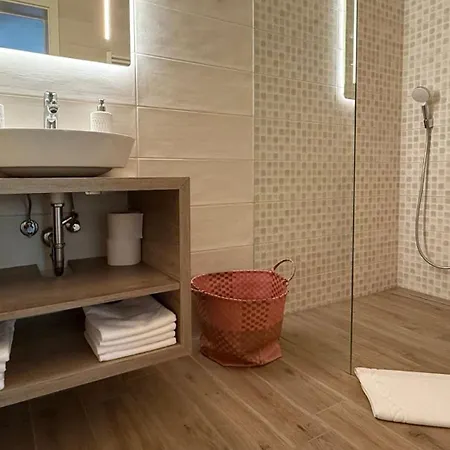 Daire Mojca In&out - Apartmaji Lena *
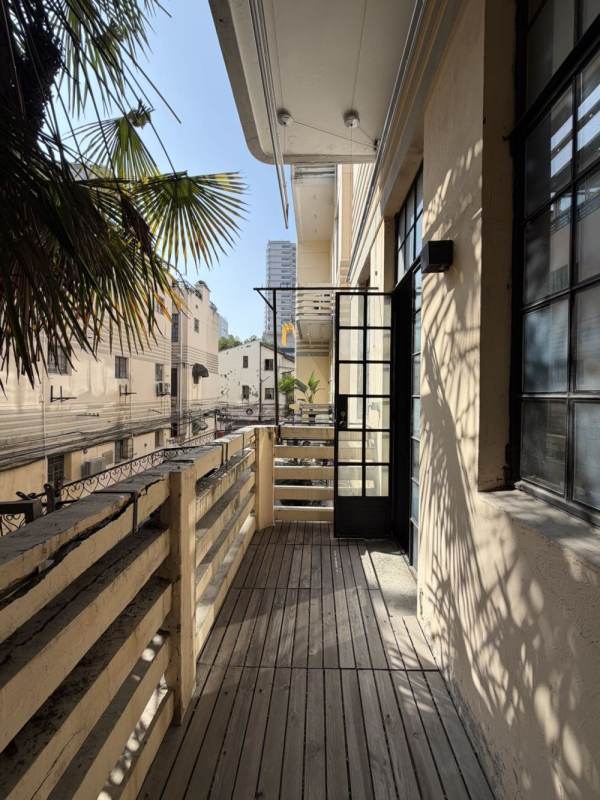 Housing image — Balcony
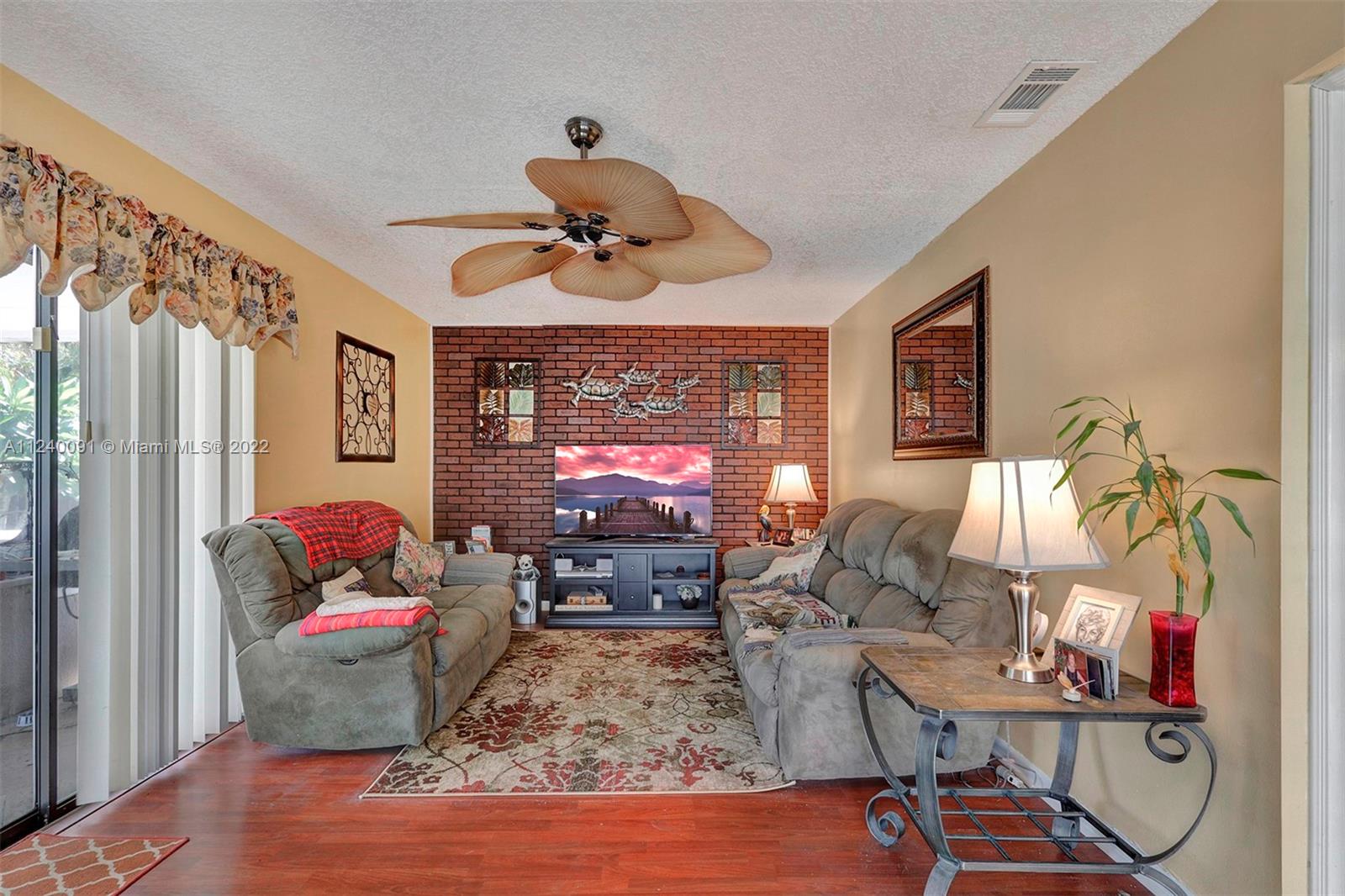 PEMBROKE LAKES SEC 6 - Residential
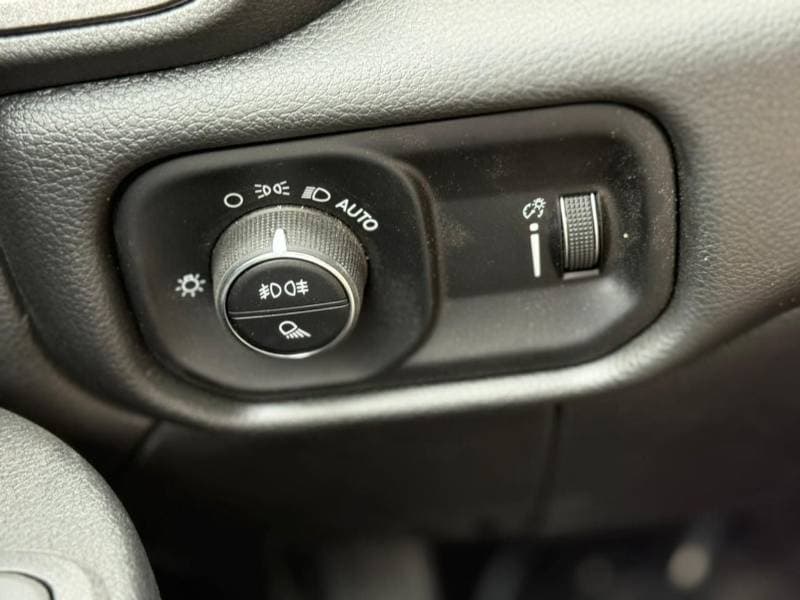 2025 RAM 2500 TRADESMAN thumbnail 6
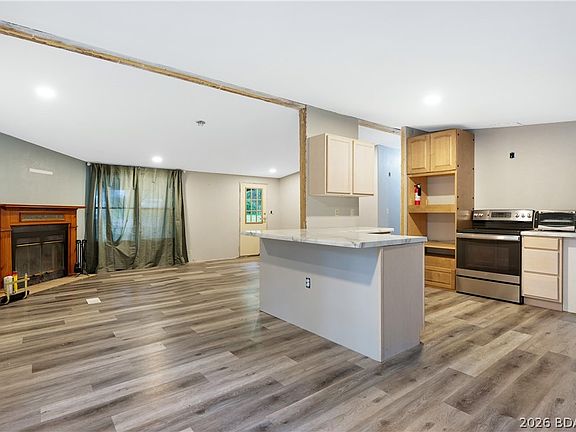 5th image of 89 Ten Oaks Dr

================================

## Work to complete
Print all the records again exactly; do not include any picture.

## Result for this task
 Daire Mojca In&out - Apartmaji Lena *
 Housing image — Balcony
 PEMBROKE LAKES SEC 6 - Residential
 2025 RAM 2500 TRADESMAN thumbnail 6
 5th image of 89 Ten Oaks Dr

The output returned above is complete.